A. Intensi Membeli
3. Faktor-faktor yang Mempengaruhi Intensi Membeli
Intensi membeli merupakan bagian dari proses pengambilan keputusan membeli, oleh karena itu, faktor-faktor yang mempengaruhi intensi membeli sama dengan faktor-faktor yang mempengaruhi keputusan membeli (Kotler & Keller, 2012). Menurut Kotler & Keller (2012), pembelian konsumen dipengaruhi oleh faktor budaya, sosial, dan faktor personal.
a. Faktor Budaya
Budaya, sub-budaya, dan kelas sosial merupakan pengaruh yang penting pada perilaku membeli konsumen. Budaya merupakan dasar penentu keinginan seseorang dan perilakunya (Kotler & Keller, 2012). Teori budaya meyakini bahwa ide, nilai, dan keyakinan seseorang dipelajari sebagai anggota dari sebuah masyarakat yang menentukan sifat mereka (Pratap, 2017). Hal ini menjelaskan alasan sebuah produk banyak diminati di wilayah tertentu, namun kurang diminati di wilayah yang lain (Hartman, 2017). Misalnya sesuatu yang dapat diterima di masyarakat barat belum tentu dapat diterima di masyarakat timur dan timur tengah (Pratap, 2017).
Setiap budaya memiliki sub-budaya yang dapat mengidentifikasi dan mensosialisasikan secara lebih spseifik terhadap anggotanya.
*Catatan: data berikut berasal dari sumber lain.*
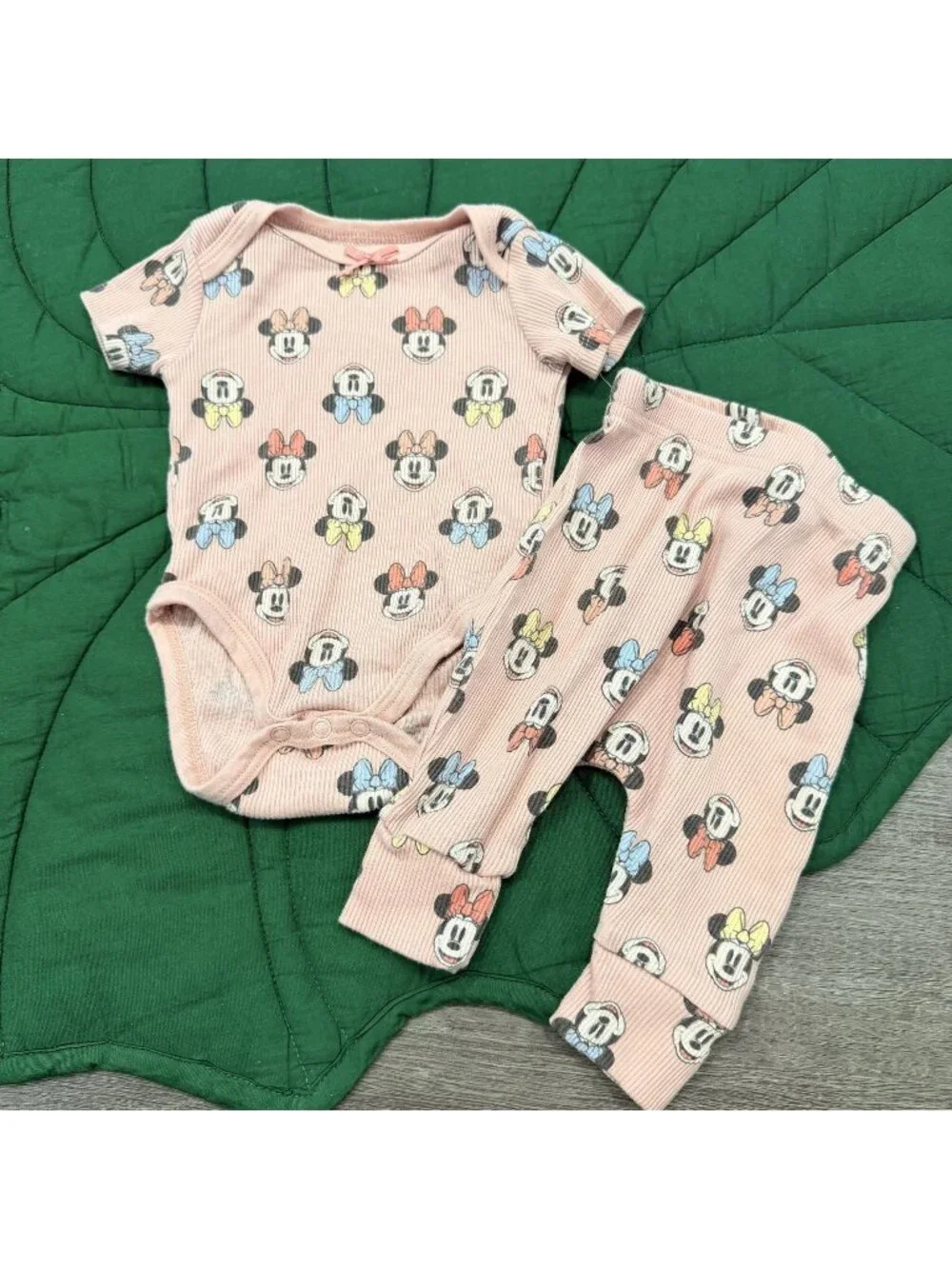 Disney Minnie Mouse 0-3M Pink Ribbed Outfit Set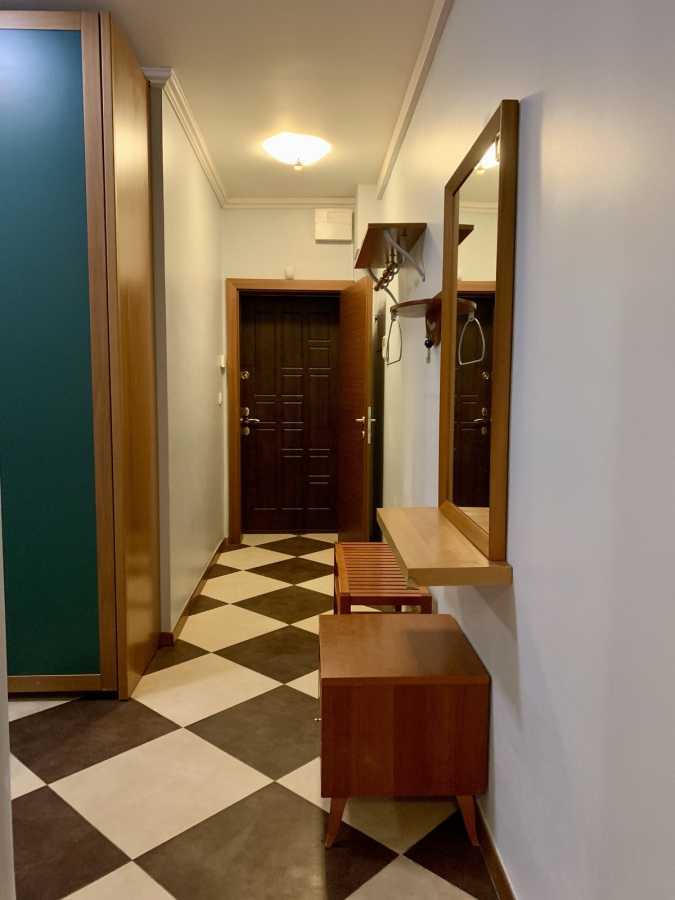 Продажа 4-комнатной квартиры 164 м², Суворова ул., 19А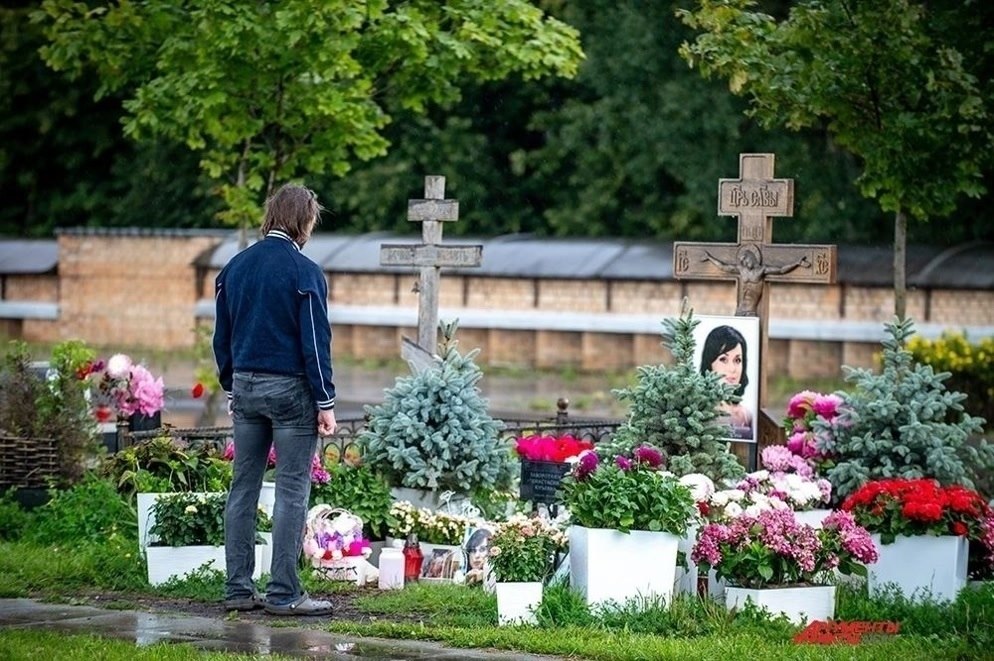 Петра Чернышева сфотографировали на могиле Анастасии Заворотнюк.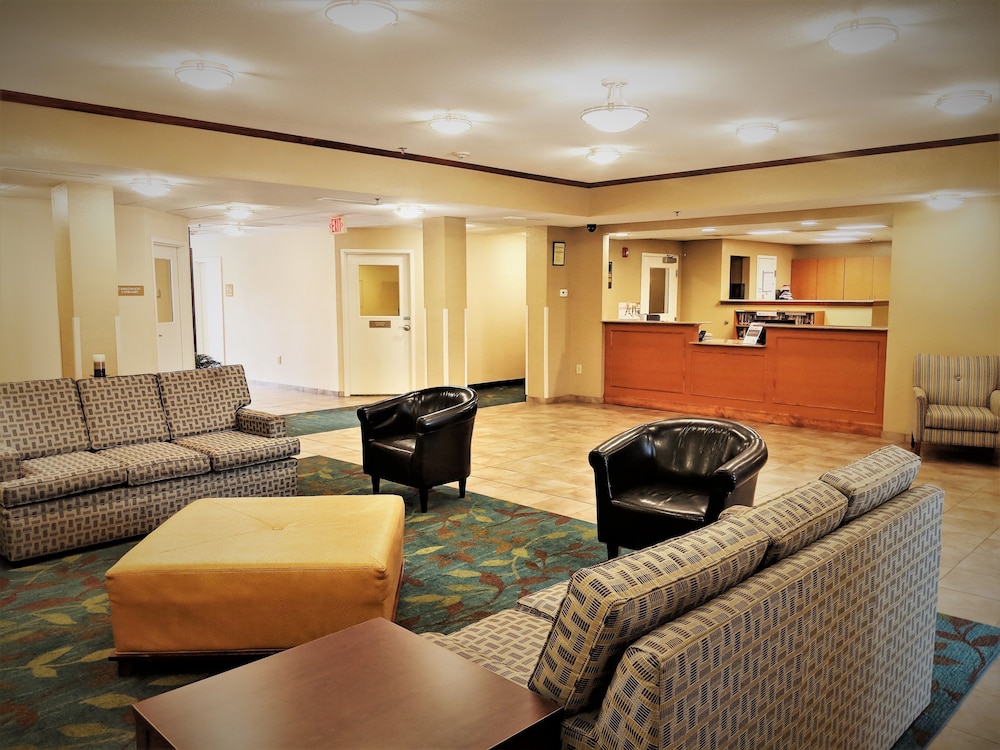 Candlewood Suites Macon 48/70
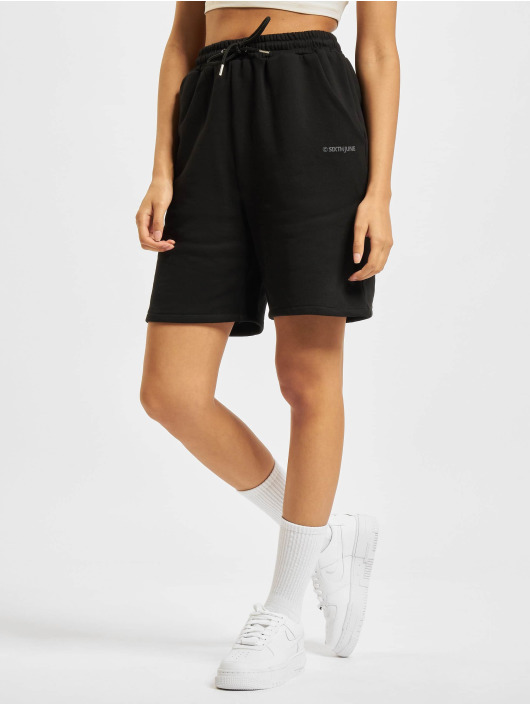 Sixth June Short Basic noir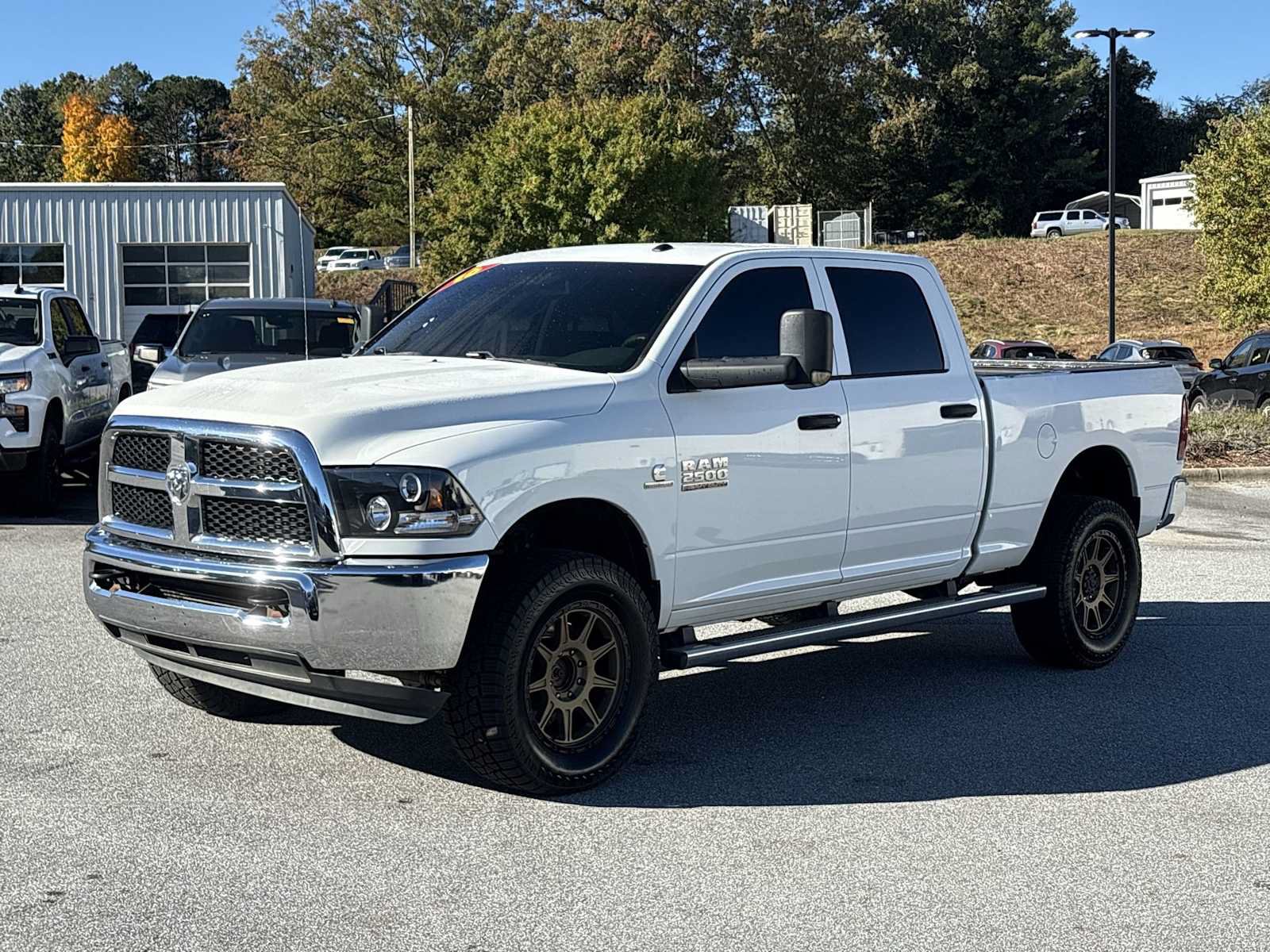 Used 2016 RAM 2500 Tradesman w/ Chrome Appearance Group AWD/4WD image 2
Sub-budaya ini meliputi kewarganegaraan, agama, ras, dan wilayah geografis (Kotler & Keller, 2012).
Kemudian, semua masyarakat pada umumnya akan membentuk stratifikasi sosial, yang seringkali disebut sebagai kelas sosial. Kelas sosial membentuk anggotanya berdasarkan kesamaan nilai, minat, dan perilaku. Kelas sosial dapat menunjukkan perbedaan pilihan produk dan merek di berbagai area, seperti busana, perabotan rumah tangga, majalah, buku, dan kendaraan (Kotler & Keller, 2012).
b. Faktor sosial
Faktor sosial sendiri terdiri dari tiga aspek, yaitu referensi kelompok, keluarga, serta peran sosial dan status
1) Referensi kelompok:
Referensi kelompok merupakan kelompok yang memiliki pengaruh baik secara langsung ataupun tidak langsung terhadap perilaku seseorang. Kelompok memperkenalkan individu pada perilaku dan gaya hidup yang baru. Hal tersebut dapat mempengaruhi sikap dan konsep diri anggotanya, sehingga memunculkan tekanan untuk melakukan konformitas yang dapat mempengaruhi pililhan merek dan produk (Kotler & Keller, 2012). Cialdini (dalam Henderson, 2017) mengungkapkan bahwa pemasar tidak perlu mempromosikan sebuah produk memliki kualitas yang baik, mereka cukup memberikan label “best-selling” untuk
membuat konsumen tertarik. Hal ini disebabkan konsumen seringkali berpikir sesuatu yang populer biasanya memiliki kualitas yang baik.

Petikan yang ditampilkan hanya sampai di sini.